──────── Material provided ────────
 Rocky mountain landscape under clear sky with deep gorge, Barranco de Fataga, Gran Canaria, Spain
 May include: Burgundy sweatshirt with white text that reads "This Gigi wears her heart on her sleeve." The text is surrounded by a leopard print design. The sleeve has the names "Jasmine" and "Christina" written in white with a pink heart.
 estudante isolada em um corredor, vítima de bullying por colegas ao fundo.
────────
──────── Material provided ────────
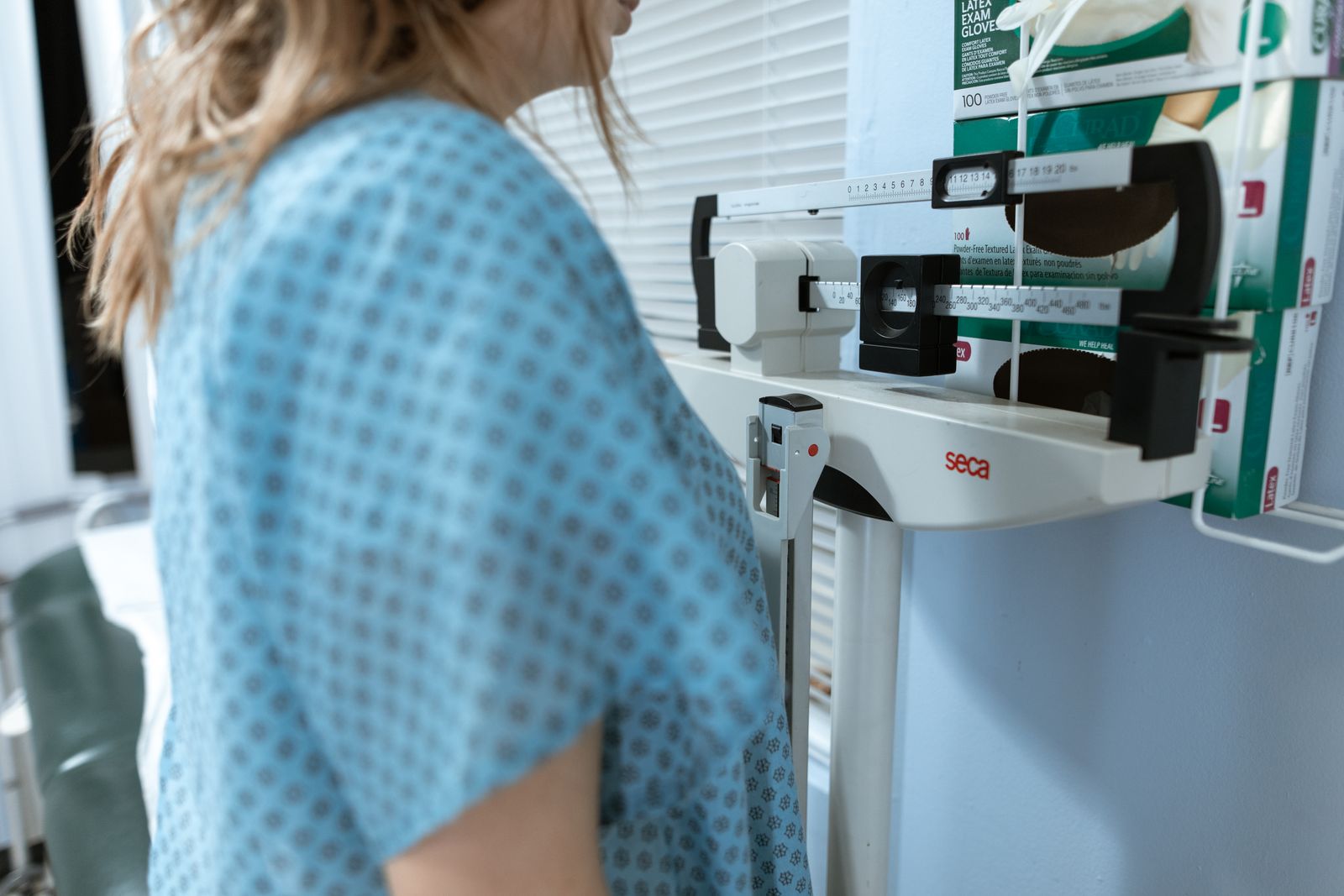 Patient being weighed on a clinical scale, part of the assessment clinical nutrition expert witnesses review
────────
──────── Material provided ────────
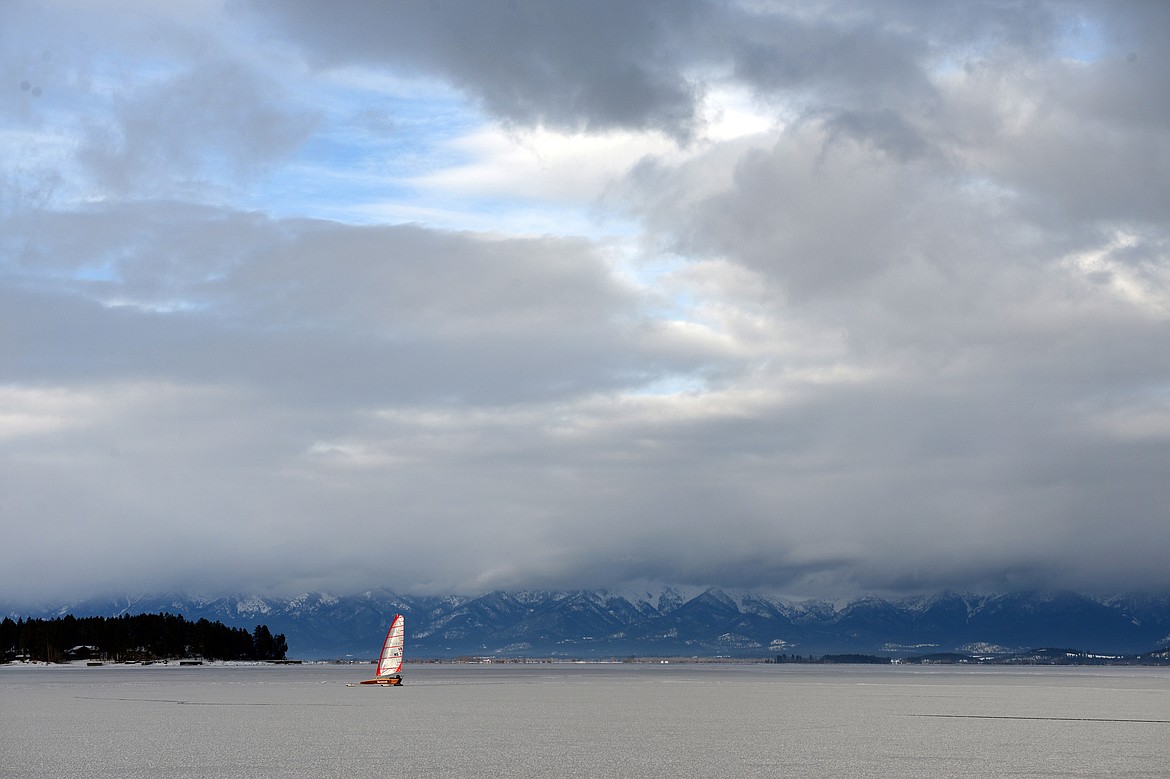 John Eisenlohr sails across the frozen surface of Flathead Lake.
────────
= Problem description =
Above this task is a listing. Restate, word for word and with nothing added, the lines from the one with "Rocky mountain landscape" through the one with "estudante isolada em".

= Exercise answer =
 Rocky mountain landscape under clear sky with deep gorge, Barranco de Fataga, Gran Canaria, Spain
 May include: Burgundy sweatshirt with white text that reads "This Gigi wears her heart on her sleeve." The text is surrounded by a leopard print design. The sleeve has the names "Jasmine" and "Christina" written in white with a pink heart.
 estudante isolada em um corredor, vítima de bullying por colegas ao fundo.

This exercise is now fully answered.